Records contained in a dataset:
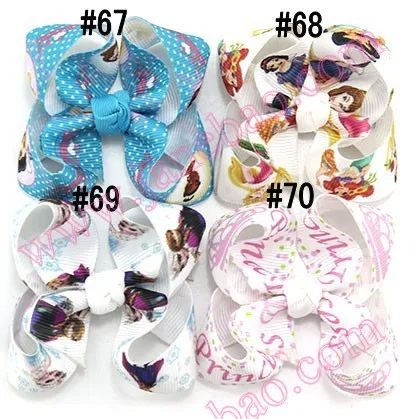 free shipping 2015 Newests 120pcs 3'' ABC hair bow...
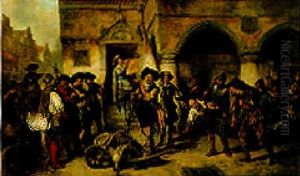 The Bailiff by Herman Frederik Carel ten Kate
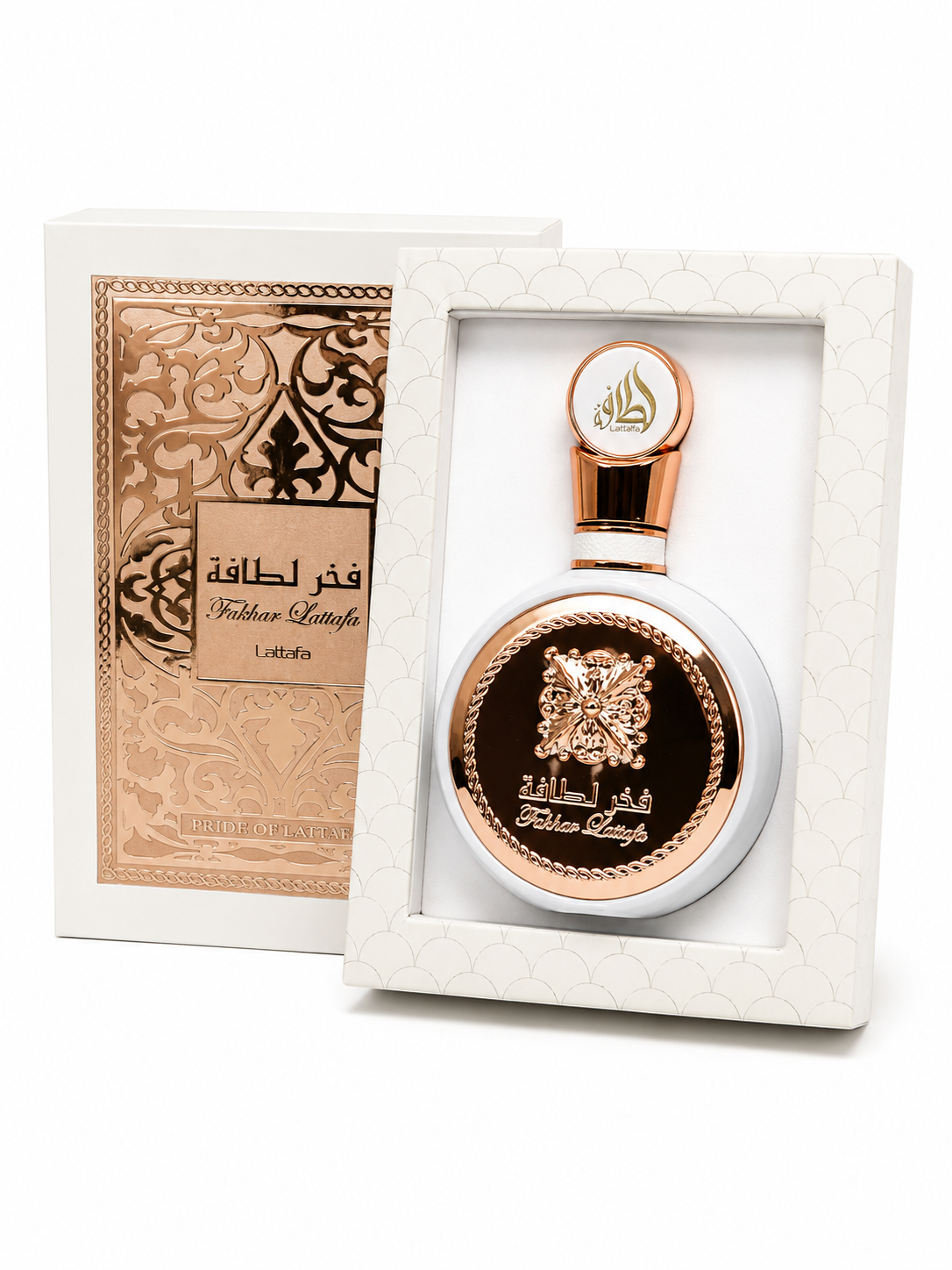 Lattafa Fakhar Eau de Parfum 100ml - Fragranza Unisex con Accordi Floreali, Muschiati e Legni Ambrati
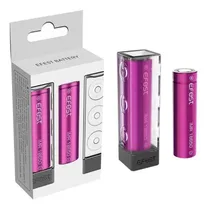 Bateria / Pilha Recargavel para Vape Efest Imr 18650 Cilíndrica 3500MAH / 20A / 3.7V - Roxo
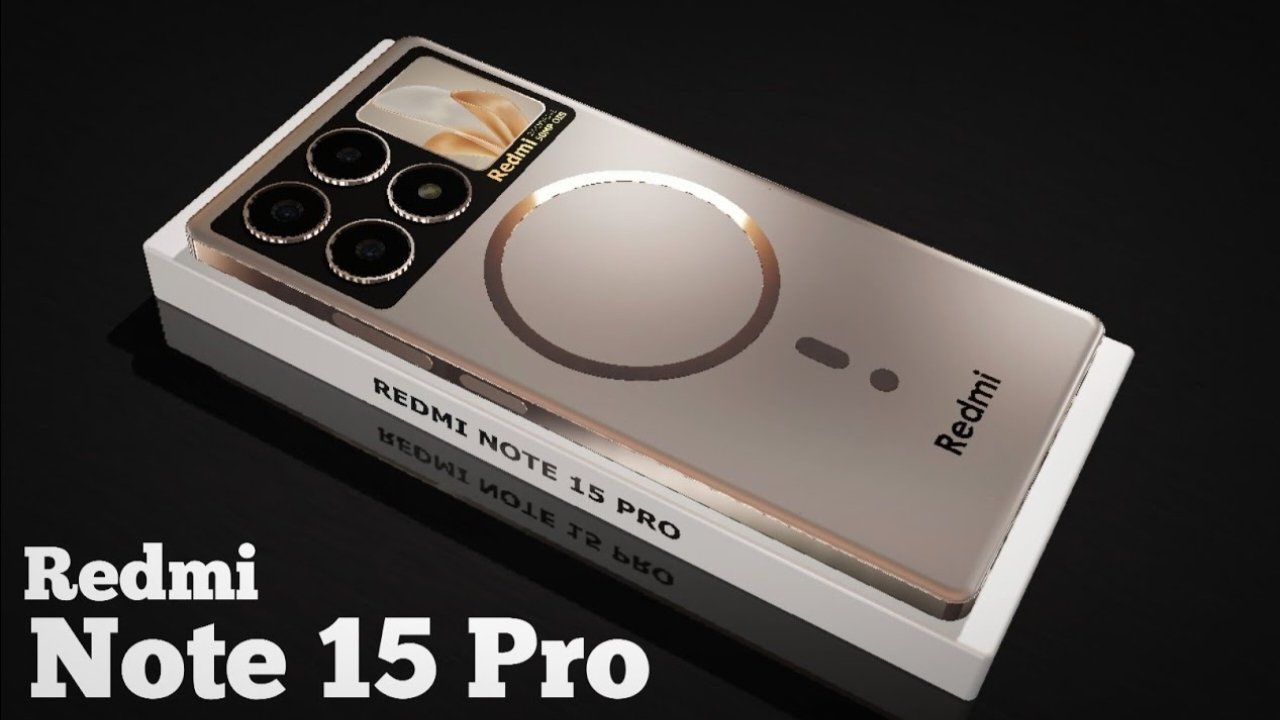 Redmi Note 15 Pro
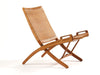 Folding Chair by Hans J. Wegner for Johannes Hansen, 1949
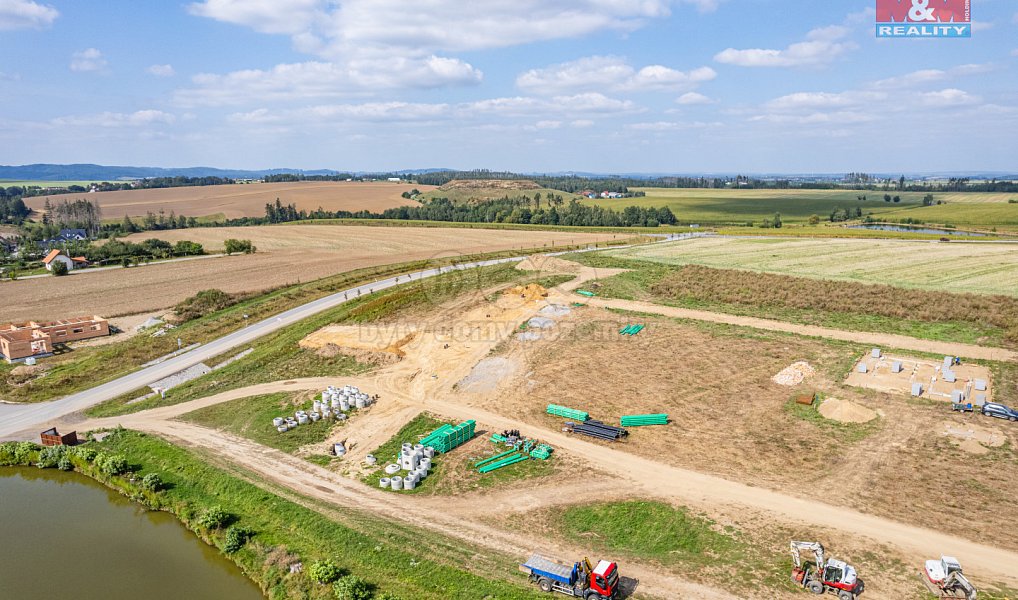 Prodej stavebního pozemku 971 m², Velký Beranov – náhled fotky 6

**Your assignment**
Copy out all the data exactly, skipping the pictures.

**Finished exercise**
 free shipping 2015 Newests 120pcs 3'' ABC hair bow...
 The Bailiff by Herman Frederik Carel ten Kate
 Lattafa Fakhar Eau de Parfum 100ml - Fragranza Unisex con Accordi Floreali, Muschiati e Legni Ambrati
 Bateria / Pilha Recargavel para Vape Efest Imr 18650 Cilíndrica 3500MAH / 20A / 3.7V - Roxo
 Redmi Note 15 Pro
 Folding Chair by Hans J. Wegner for Johannes Hansen, 1949
 Prodej stavebního pozemku 971 m², Velký Beranov – náhled fotky 6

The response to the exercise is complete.